Friday, January 2, 2009

chris leben murder

Deconstructing the possibilities of how and why someone googles their way to this facetiously fecund fiction that is elle est belle la seine la seine elle est belle is sometimes alarming, sometimes a sad commentary.

Two people arrived yesterday after searching for "chris leben murder."

I have to confess to swallowing that possibilty hook, line, sinker.

It was completely within the realm of possibility that Chris Leben might have murdered someone -- and outside the octagon, too.

Action, reaction, over-reaction: There I was, googling away on Chris Leben and homicide.

This is what I found.

First of all, I have added an expression to my repertoire! Apparently, in MMA commentary, winning "by murder" is not a bad way to win, and usually does not involve leaving anything in the hands of the judges. In fact, the image that sticks in my visual cortex is a rude ground and pound, with lots of "short elbows" and "hammer fists" (I will never be able to get rid of the sound of Matt Serra when he was cornering fighters on TUF -- elbows/hammerfists, "you can do it all day long..." and "we're breathing, we're breathing...")

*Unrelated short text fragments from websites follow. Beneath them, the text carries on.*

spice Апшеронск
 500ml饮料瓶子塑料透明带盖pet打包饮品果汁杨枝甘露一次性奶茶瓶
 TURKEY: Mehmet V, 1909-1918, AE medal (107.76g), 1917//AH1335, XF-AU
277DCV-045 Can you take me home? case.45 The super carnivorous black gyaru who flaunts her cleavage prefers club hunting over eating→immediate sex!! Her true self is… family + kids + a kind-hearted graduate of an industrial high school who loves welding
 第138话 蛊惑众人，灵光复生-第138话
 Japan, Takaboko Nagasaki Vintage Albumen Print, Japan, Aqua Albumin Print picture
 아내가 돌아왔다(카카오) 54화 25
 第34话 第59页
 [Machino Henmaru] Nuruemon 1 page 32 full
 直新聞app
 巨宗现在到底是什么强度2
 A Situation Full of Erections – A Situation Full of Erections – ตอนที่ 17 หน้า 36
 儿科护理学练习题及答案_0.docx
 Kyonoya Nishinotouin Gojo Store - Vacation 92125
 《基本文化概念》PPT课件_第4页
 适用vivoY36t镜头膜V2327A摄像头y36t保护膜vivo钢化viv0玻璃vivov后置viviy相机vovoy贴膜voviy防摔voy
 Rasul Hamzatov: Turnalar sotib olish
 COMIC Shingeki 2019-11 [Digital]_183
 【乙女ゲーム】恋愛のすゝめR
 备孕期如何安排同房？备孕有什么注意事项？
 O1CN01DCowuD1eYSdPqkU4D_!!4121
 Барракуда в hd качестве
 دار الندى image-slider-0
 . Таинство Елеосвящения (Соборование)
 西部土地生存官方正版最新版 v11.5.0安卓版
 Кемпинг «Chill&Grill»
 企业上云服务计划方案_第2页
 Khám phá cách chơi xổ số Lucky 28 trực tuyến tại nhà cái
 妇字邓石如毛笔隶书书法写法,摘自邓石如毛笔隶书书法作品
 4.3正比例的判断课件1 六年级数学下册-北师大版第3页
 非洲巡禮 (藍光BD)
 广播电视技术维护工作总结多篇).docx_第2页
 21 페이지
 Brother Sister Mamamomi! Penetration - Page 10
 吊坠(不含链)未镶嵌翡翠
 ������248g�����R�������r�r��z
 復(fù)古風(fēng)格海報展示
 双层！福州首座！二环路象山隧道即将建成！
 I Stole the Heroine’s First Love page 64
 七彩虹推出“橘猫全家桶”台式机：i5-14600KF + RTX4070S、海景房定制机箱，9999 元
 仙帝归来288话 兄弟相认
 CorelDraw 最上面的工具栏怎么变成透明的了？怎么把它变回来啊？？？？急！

Outside of winning an MMA match by means of murder, the only recent allusions to the imposition of death comes from the sad news that Justin Levens has apparently murdered his wife and then killed himself.

(Levens -- Leben -- imagine hearing it on the radio or bleeping from a television... imagine kind of expecting to hear something along these lines... about LEBEN. You might end up on a weird blog trying to find a reliable police report midst a bunch of virtual kitsch.)

So... it is a matter of Levens. It is a matter of his wife, Sarah McLean-Levens, presumably killed by her husband's hands.

Allegedly, presumably, probably. And the immediate impulse is to hypothesize 'roid rage. He was known to have a problem with prescription pain killers, which were apparently found in large quantities at the scene and at their home. That would certainly resonate with crazed behavior -- but the search for anabolic steroids is on.

I am glad it wasn't Chris Leben and sorry that it had to be anyone. The fact, though, that anonymous people, unknown to one another, had no trouble imagining it to be Chris Leben? Well, he may want to consider why that is, and what he can do to squash any further unfortunate Google search terms.